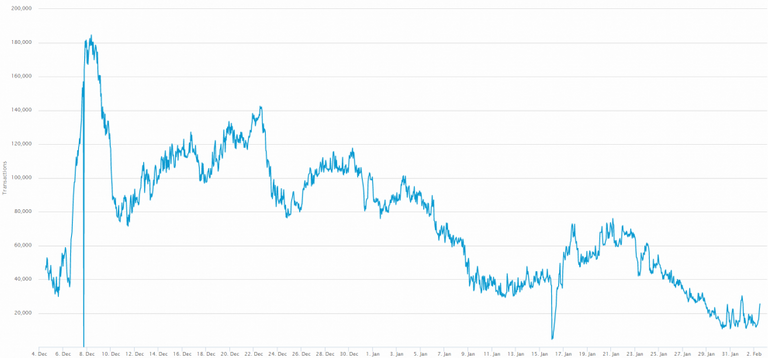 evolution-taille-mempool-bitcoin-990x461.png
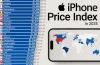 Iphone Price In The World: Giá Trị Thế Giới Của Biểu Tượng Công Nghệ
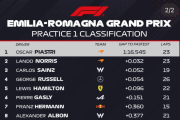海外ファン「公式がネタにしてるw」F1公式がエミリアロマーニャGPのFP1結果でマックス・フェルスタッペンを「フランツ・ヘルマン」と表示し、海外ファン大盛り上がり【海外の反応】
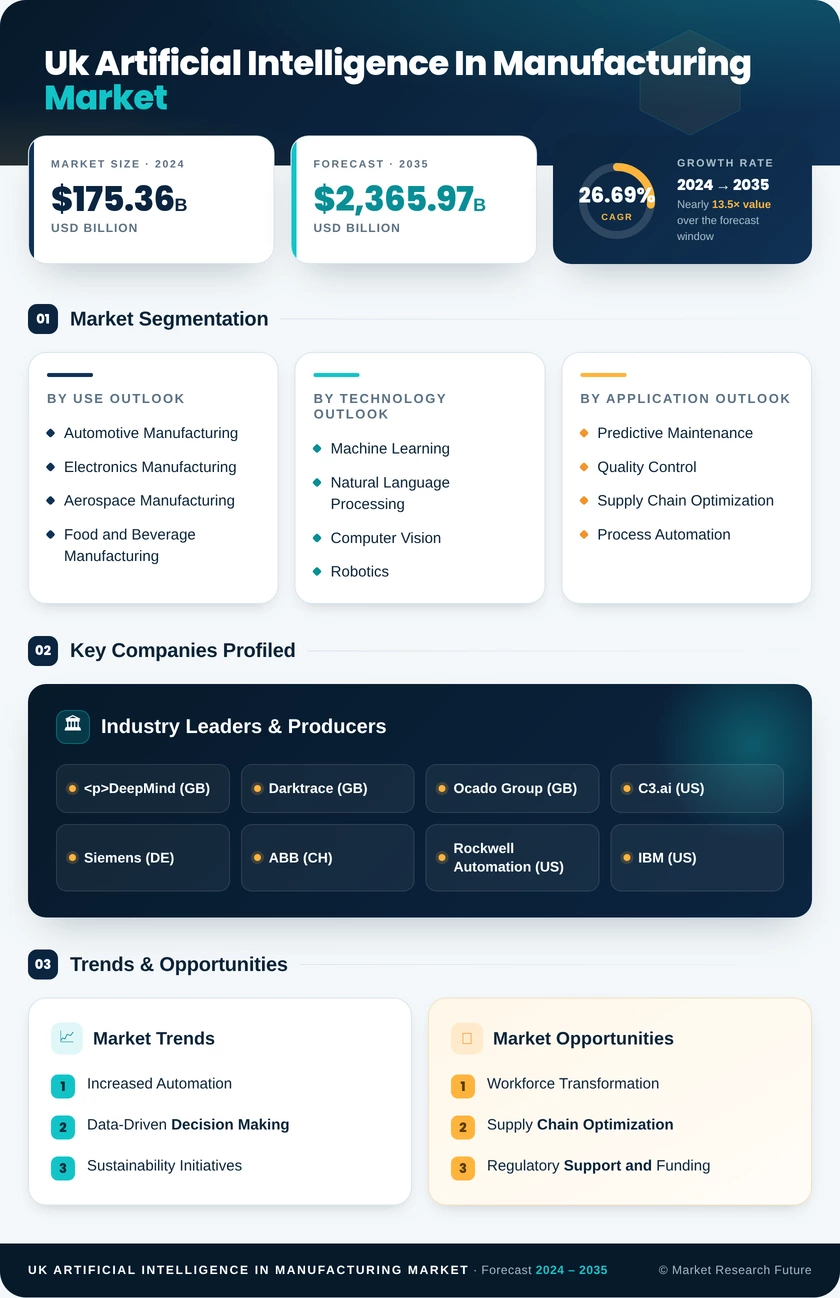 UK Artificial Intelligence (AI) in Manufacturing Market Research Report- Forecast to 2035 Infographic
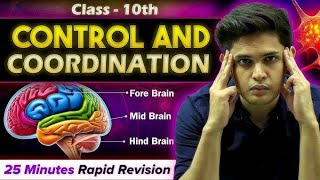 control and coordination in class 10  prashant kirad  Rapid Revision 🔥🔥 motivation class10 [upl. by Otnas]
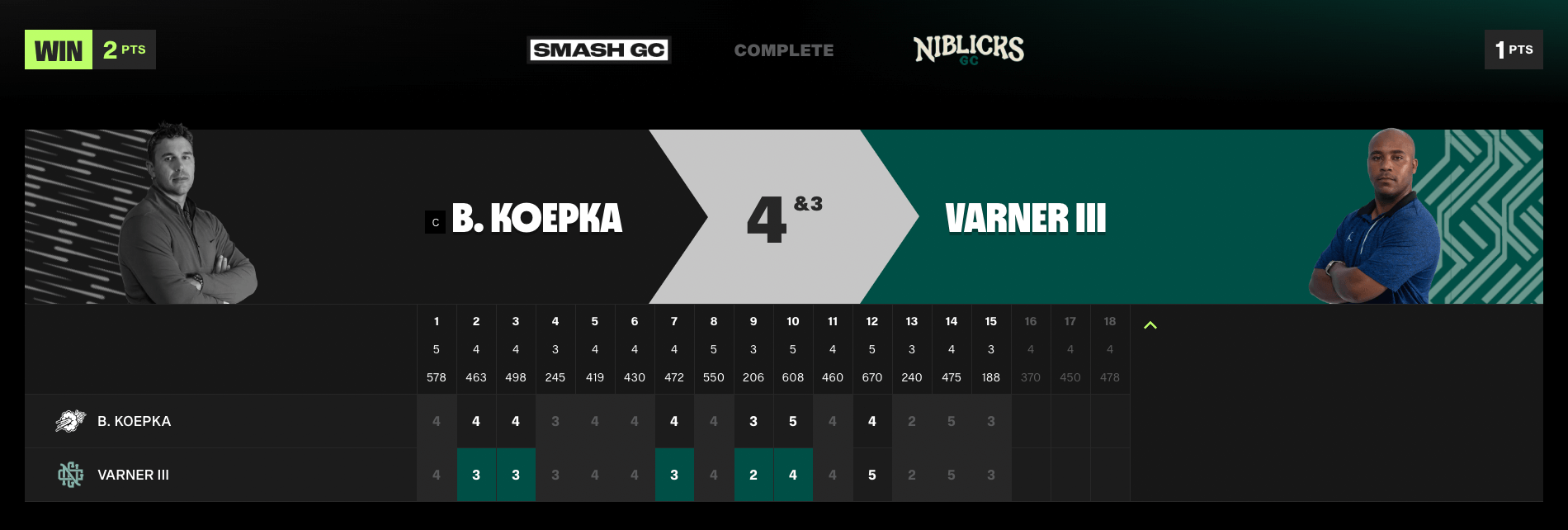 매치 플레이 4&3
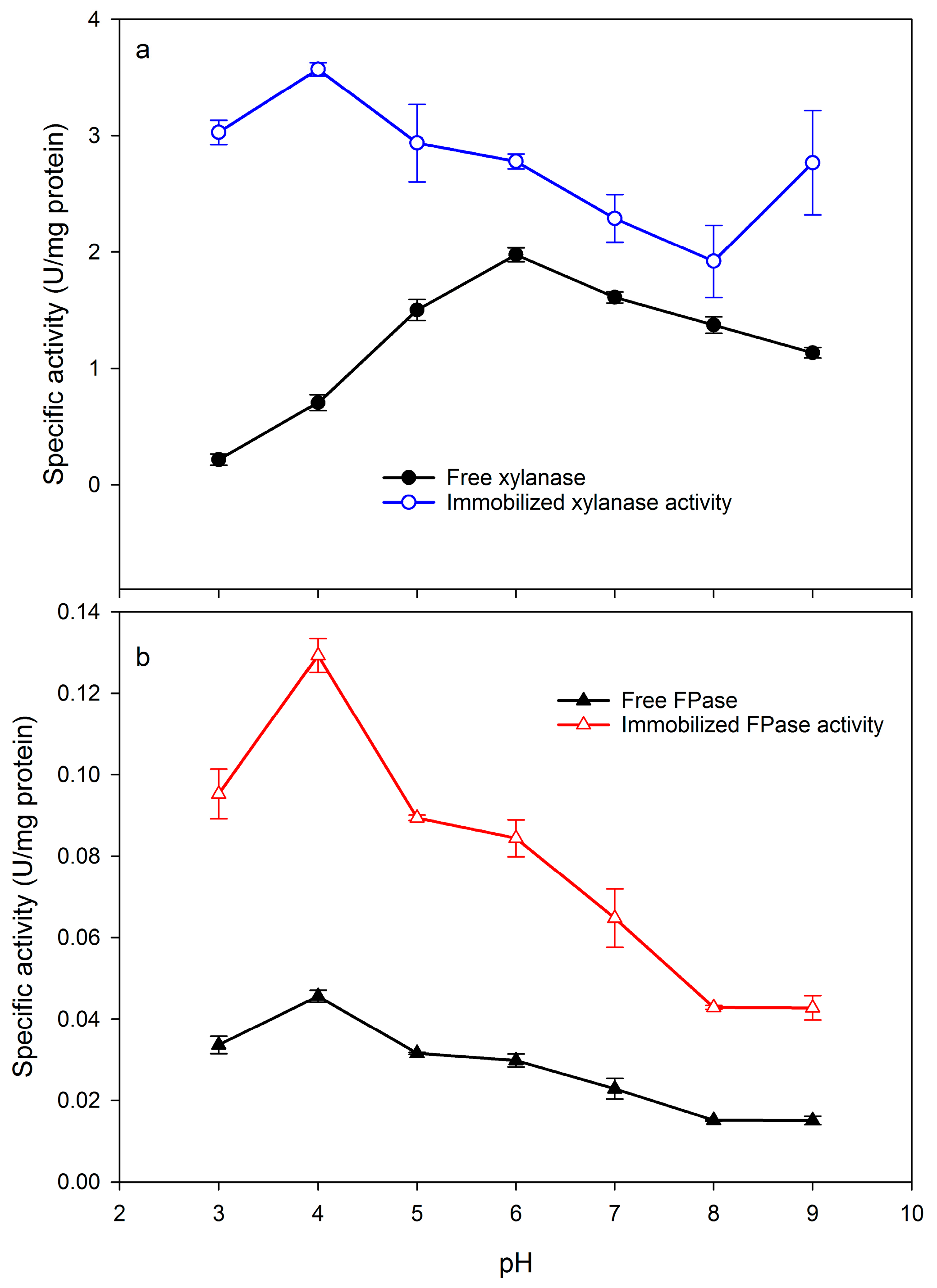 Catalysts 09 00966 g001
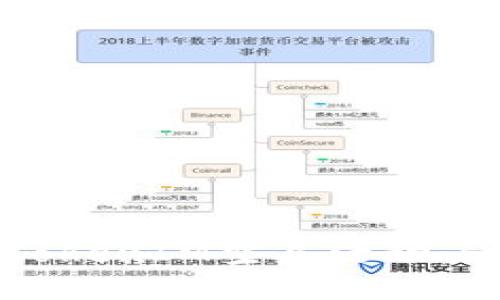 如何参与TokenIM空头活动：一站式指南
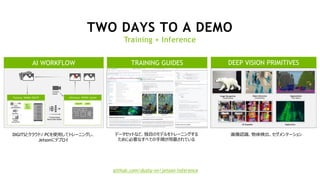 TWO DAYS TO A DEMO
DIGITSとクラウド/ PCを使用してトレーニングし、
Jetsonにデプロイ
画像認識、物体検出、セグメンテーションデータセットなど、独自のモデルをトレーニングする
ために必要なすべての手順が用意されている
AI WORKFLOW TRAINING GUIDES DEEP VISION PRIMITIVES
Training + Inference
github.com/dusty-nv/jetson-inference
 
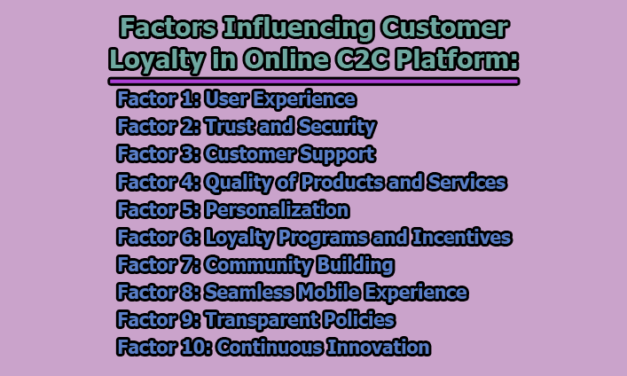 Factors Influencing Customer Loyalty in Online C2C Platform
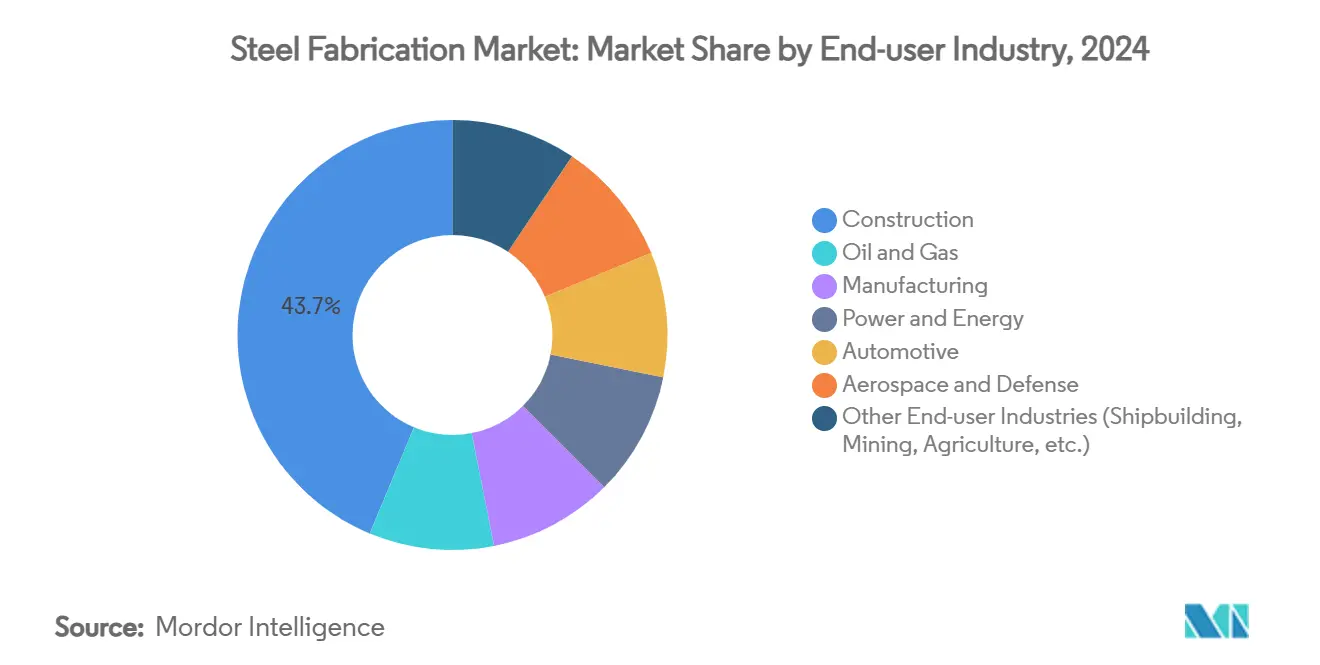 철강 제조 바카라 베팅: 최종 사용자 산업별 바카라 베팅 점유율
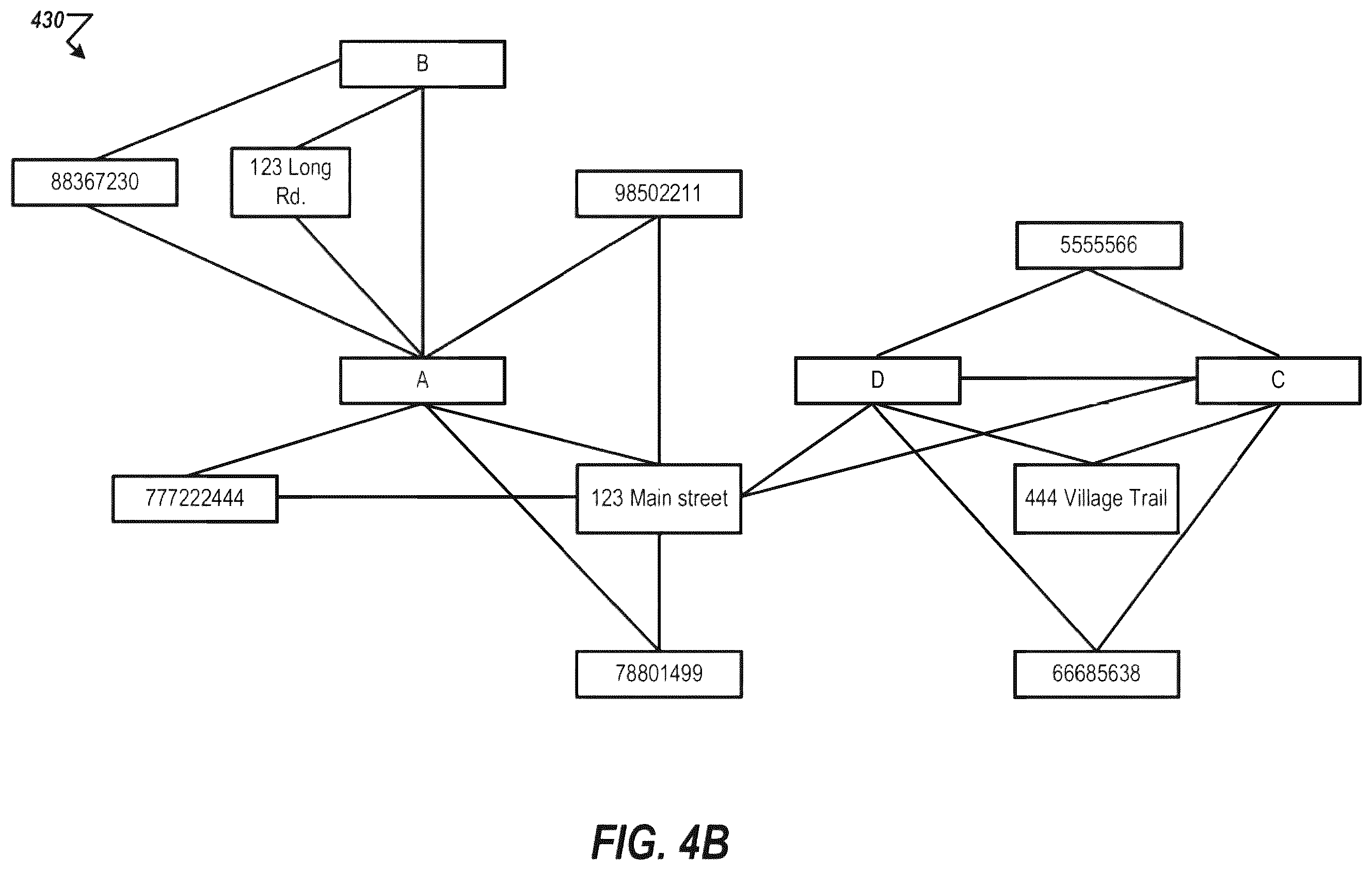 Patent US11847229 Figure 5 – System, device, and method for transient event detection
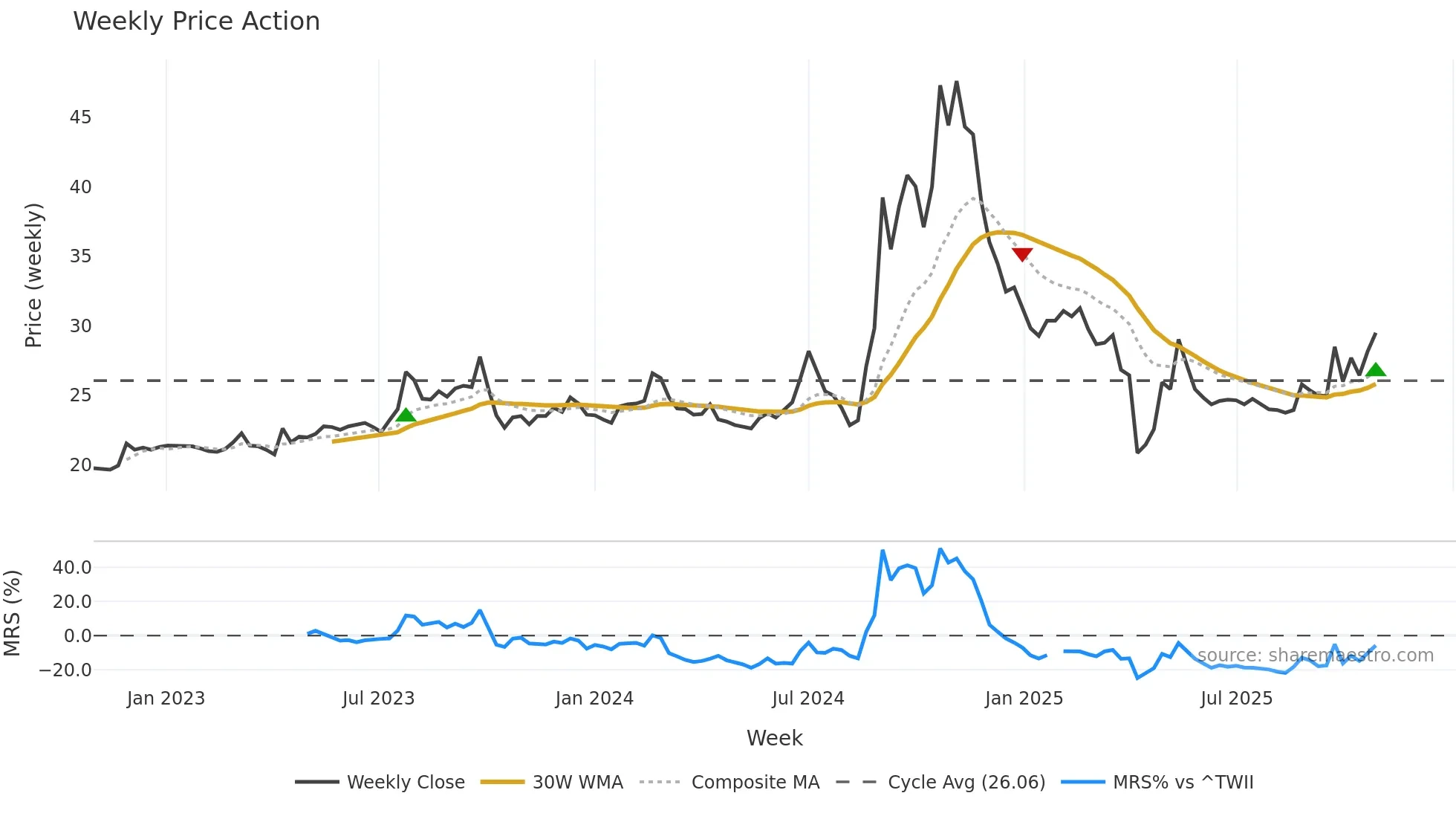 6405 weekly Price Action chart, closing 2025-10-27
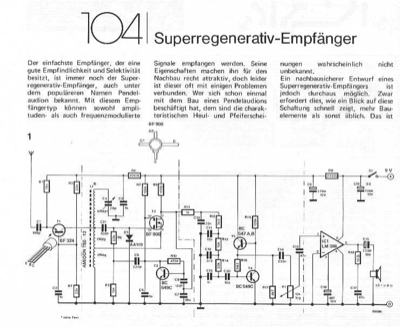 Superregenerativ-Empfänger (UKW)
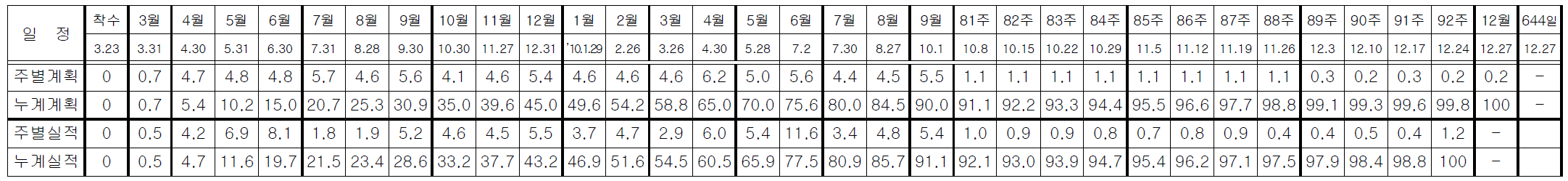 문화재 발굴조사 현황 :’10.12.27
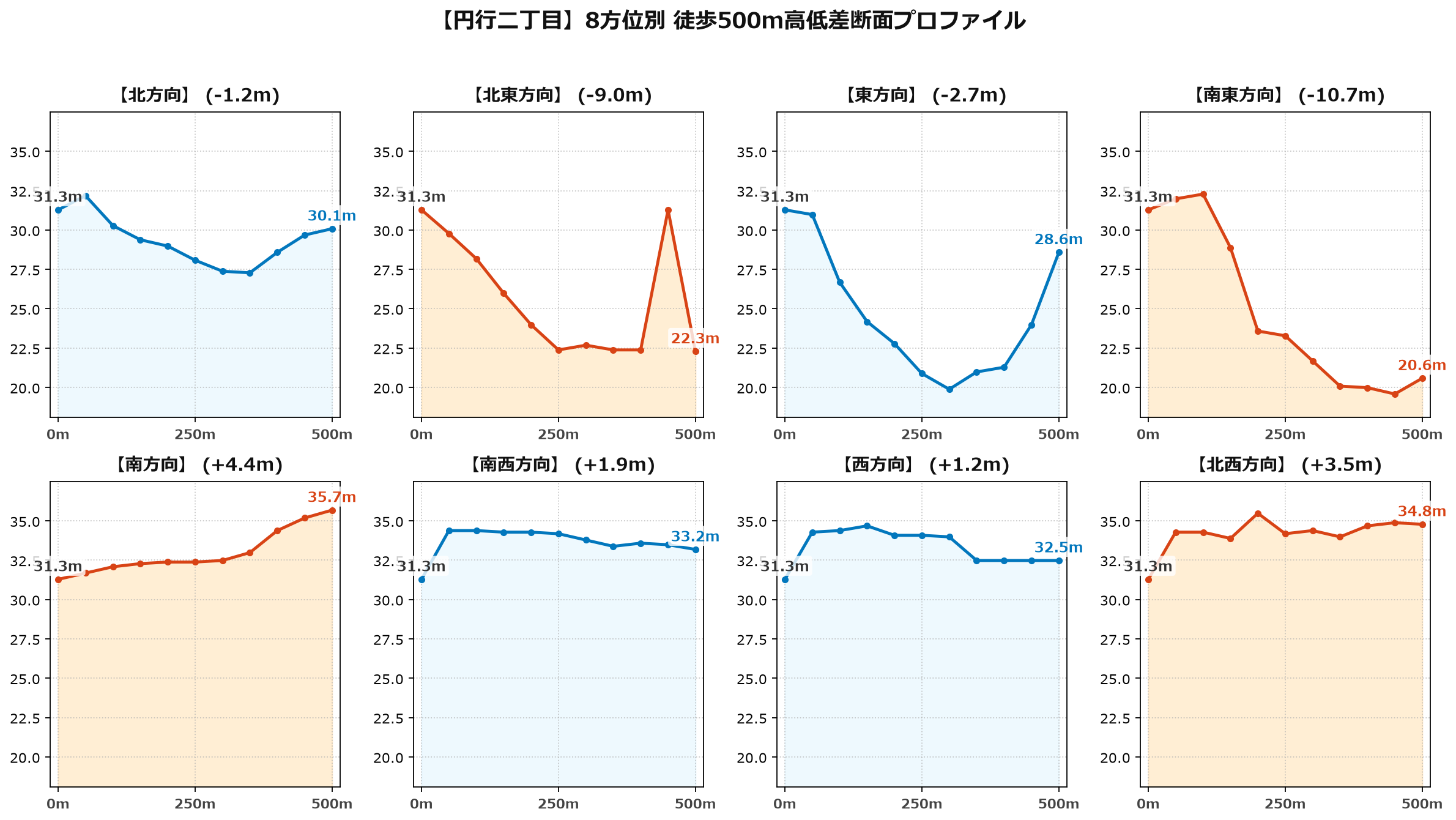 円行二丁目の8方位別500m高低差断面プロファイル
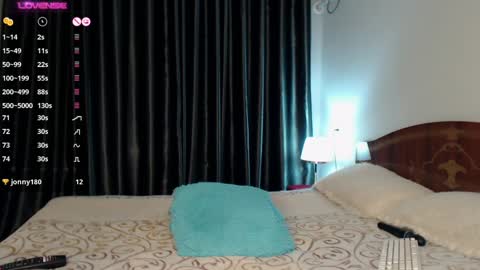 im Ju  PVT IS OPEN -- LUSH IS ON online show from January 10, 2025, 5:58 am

* _Work item_: Give back, exactly as written, the lines from the top of the material through the line with "海外ファン「公式がネタにして", ends included and pictures left aside.

* _Solution for this problem_:
 evolution-taille-mempool-bitcoin-990x461.png
 Iphone Price In The World: Giá Trị Thế Giới Của Biểu Tượng Công Nghệ
海外ファン「公式がネタにしてるw」F1公式がエミリアロマーニャGPのFP1結果でマックス・フェルスタッペンを「フランツ・ヘルマン」と表示し、海外ファン大盛り上がり【海外の反応】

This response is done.